**GOAL OF THE EXERCISE:** Only the lines from the one containing "initiating an appeal" through the end of the records should be retyped, exactly and including both ends; pictures stay out.

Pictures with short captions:
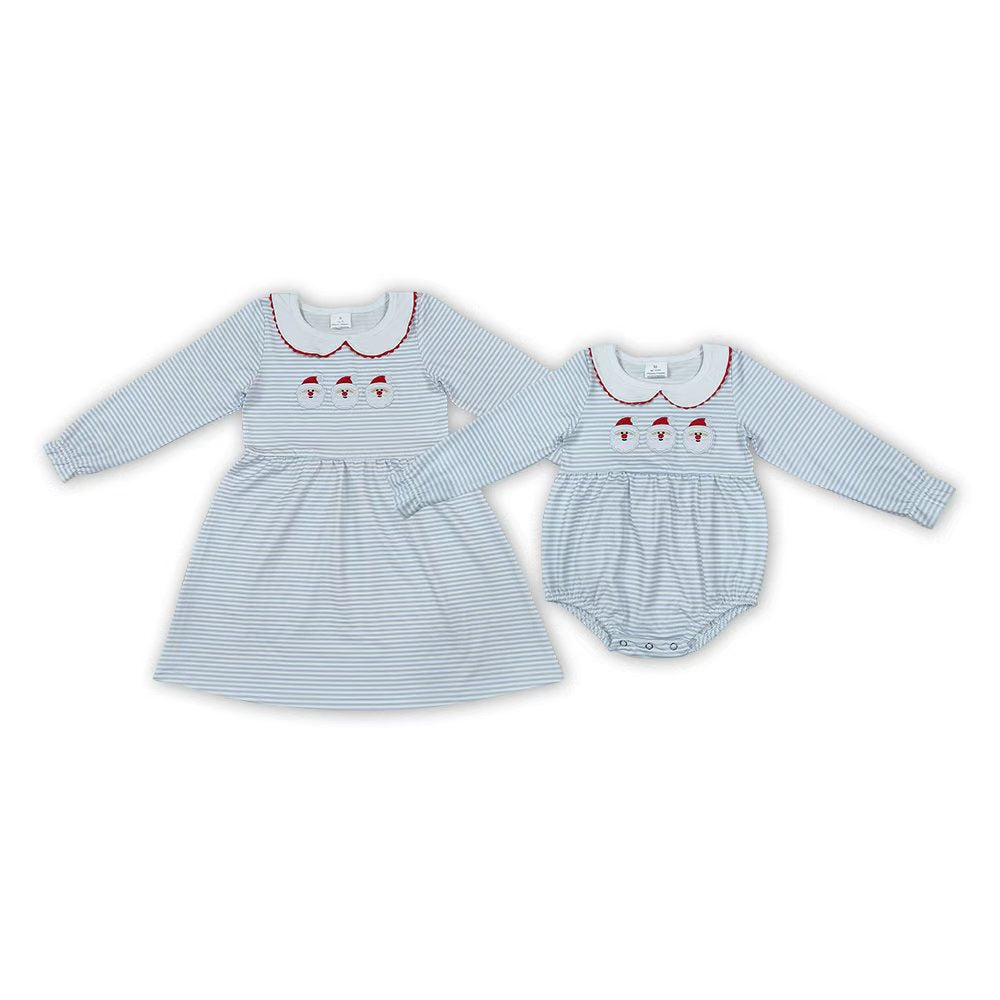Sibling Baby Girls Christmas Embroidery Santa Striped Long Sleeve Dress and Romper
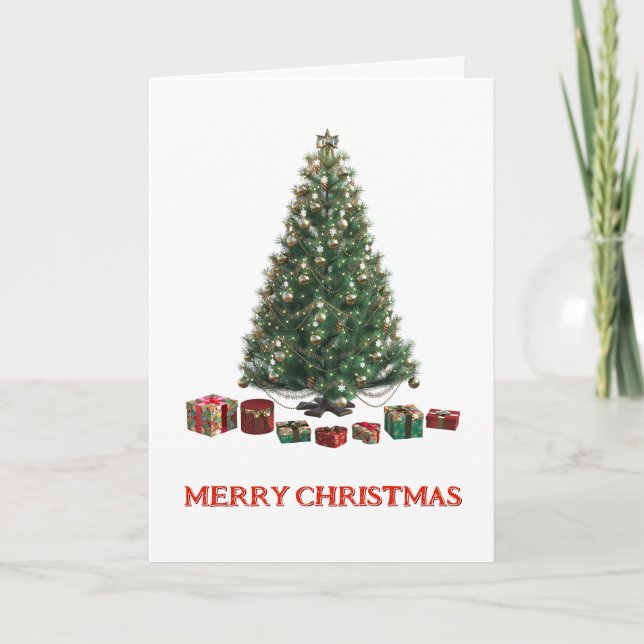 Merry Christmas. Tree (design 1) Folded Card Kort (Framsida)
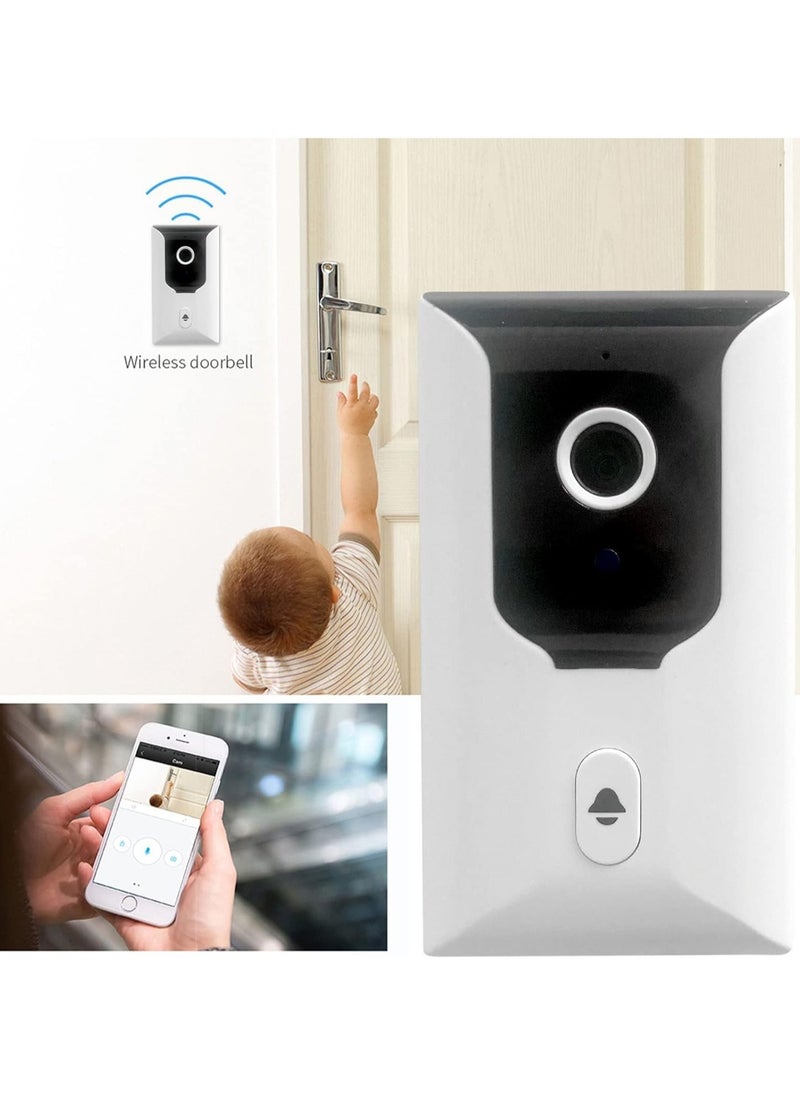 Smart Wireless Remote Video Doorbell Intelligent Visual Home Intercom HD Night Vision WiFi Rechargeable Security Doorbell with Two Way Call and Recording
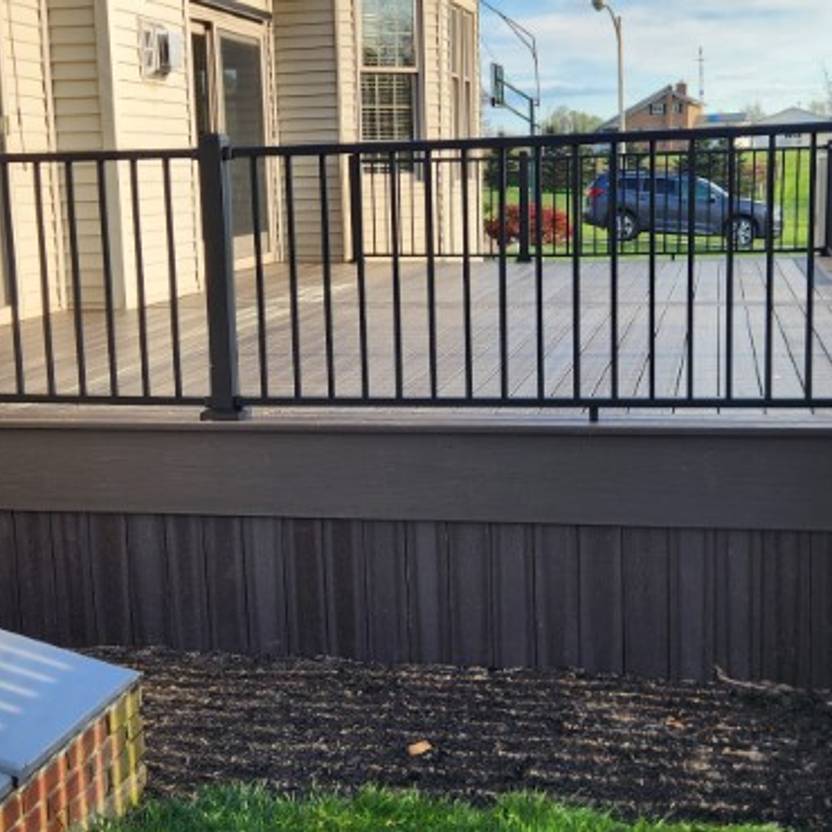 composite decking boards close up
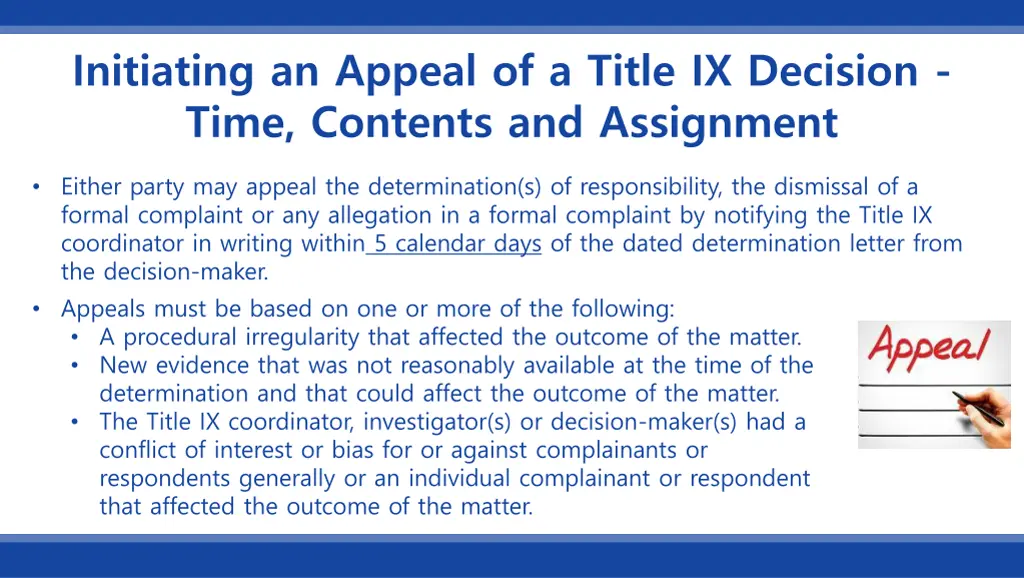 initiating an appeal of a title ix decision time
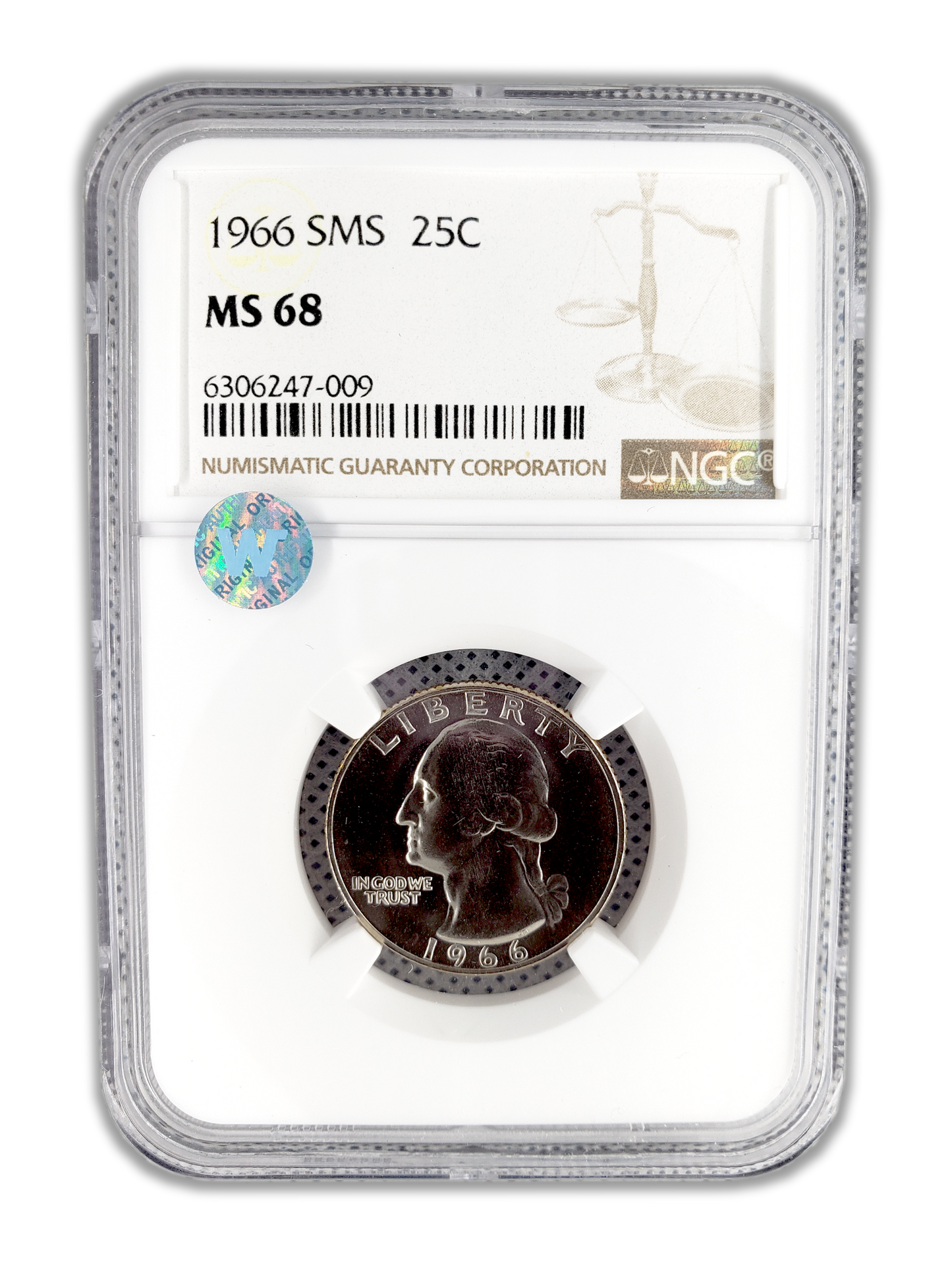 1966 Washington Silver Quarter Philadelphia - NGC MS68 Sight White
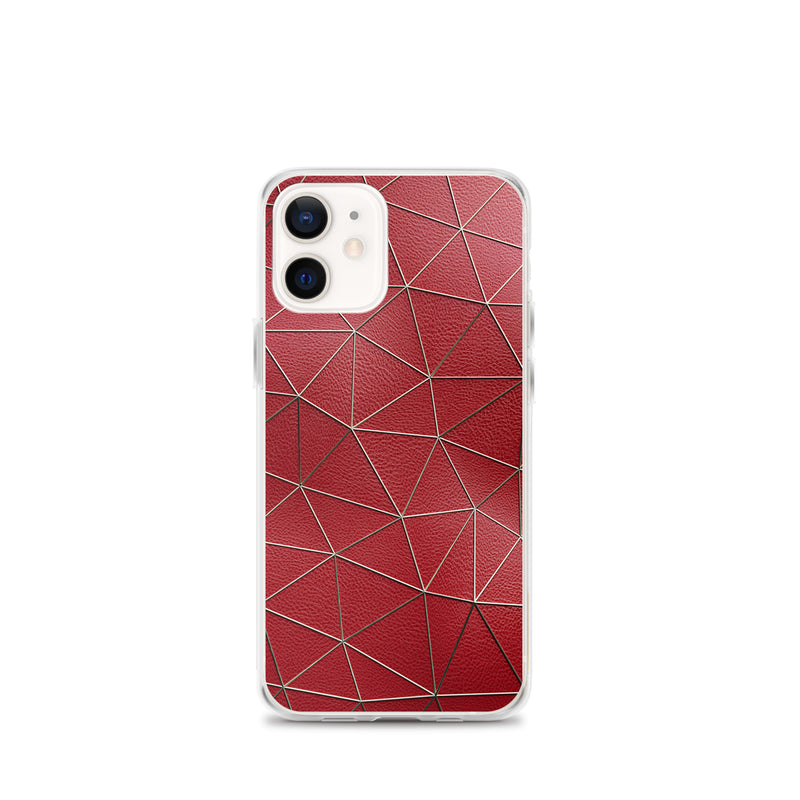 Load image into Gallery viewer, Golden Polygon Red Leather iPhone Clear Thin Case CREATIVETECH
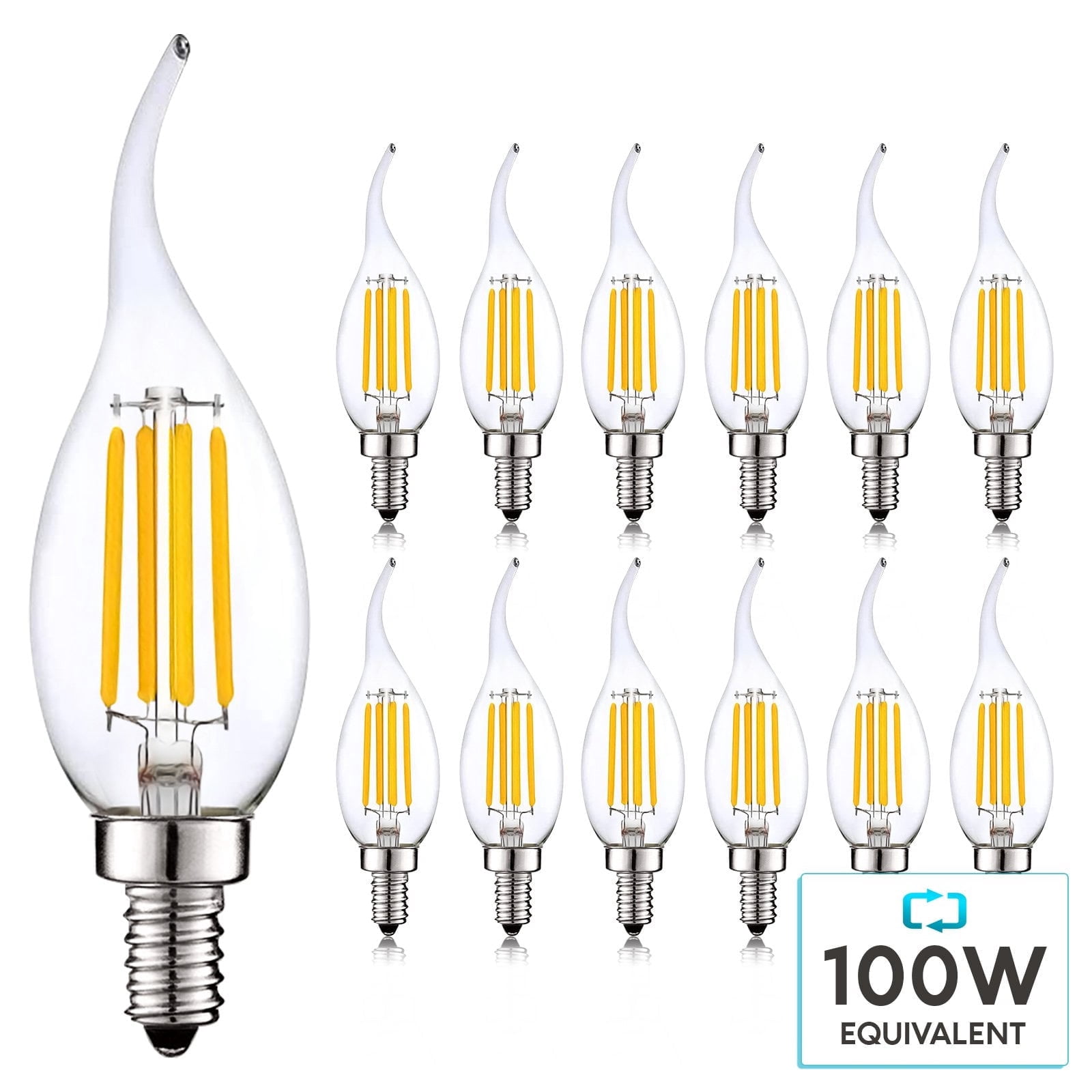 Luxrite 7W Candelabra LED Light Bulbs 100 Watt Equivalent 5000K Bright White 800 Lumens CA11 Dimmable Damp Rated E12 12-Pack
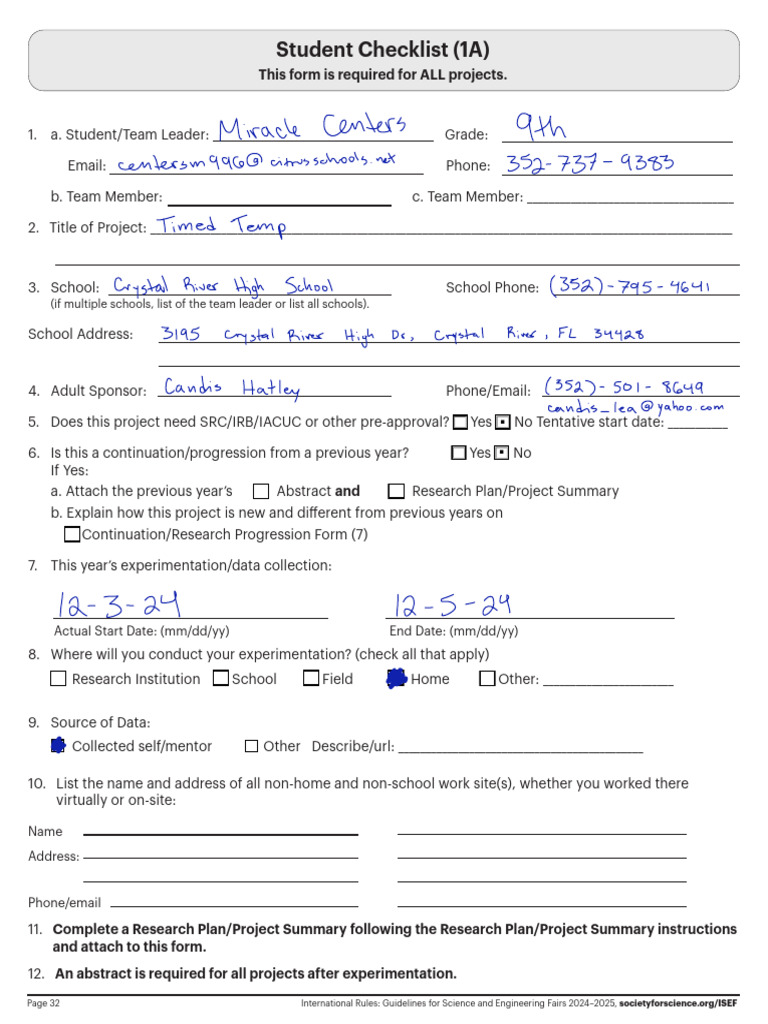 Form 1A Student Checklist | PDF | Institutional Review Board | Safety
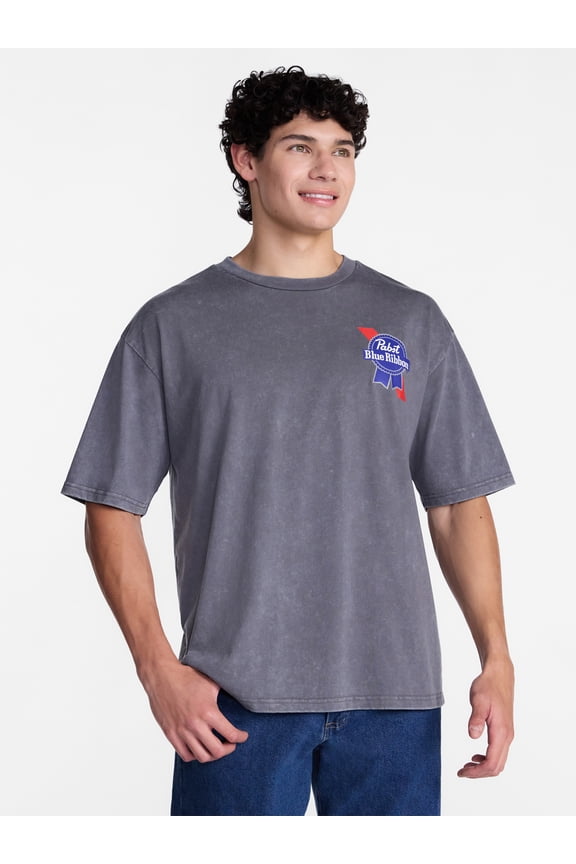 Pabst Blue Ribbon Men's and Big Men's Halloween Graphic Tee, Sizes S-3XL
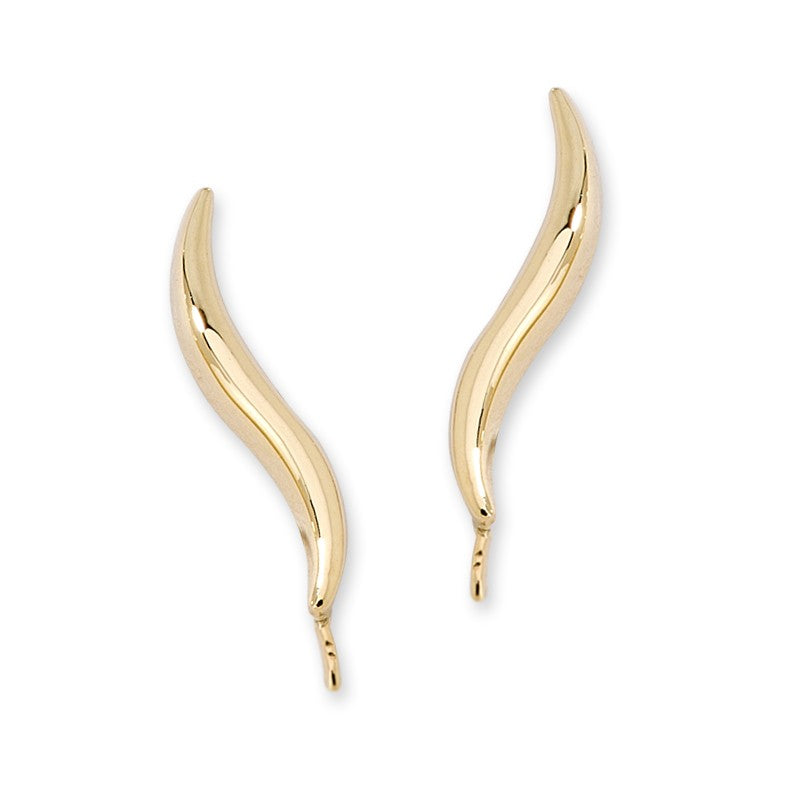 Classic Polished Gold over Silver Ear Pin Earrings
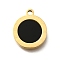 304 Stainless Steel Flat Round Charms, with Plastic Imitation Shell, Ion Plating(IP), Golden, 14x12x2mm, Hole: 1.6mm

**EXERCISE SOLUTION:**
 initiating an appeal of a title ix decision time
 1966 Washington Silver Quarter Philadelphia - NGC MS68 Sight White
 Load image into Gallery viewer, Golden Polygon Red Leather iPhone Clear Thin Case CREATIVETECH
 Luxrite 7W Candelabra LED Light Bulbs 100 Watt Equivalent 5000K Bright White 800 Lumens CA11 Dimmable Damp Rated E12 12-Pack
 Form 1A Student Checklist | PDF | Institutional Review Board | Safety
 Pabst Blue Ribbon Men's and Big Men's Halloween Graphic Tee, Sizes S-3XL
 Classic Polished Gold over Silver Ear Pin Earrings
 304 Stainless Steel Flat Round Charms, with Plastic Imitation Shell, Ion Plating(IP), Golden, 14x12x2mm, Hole: 1.6mm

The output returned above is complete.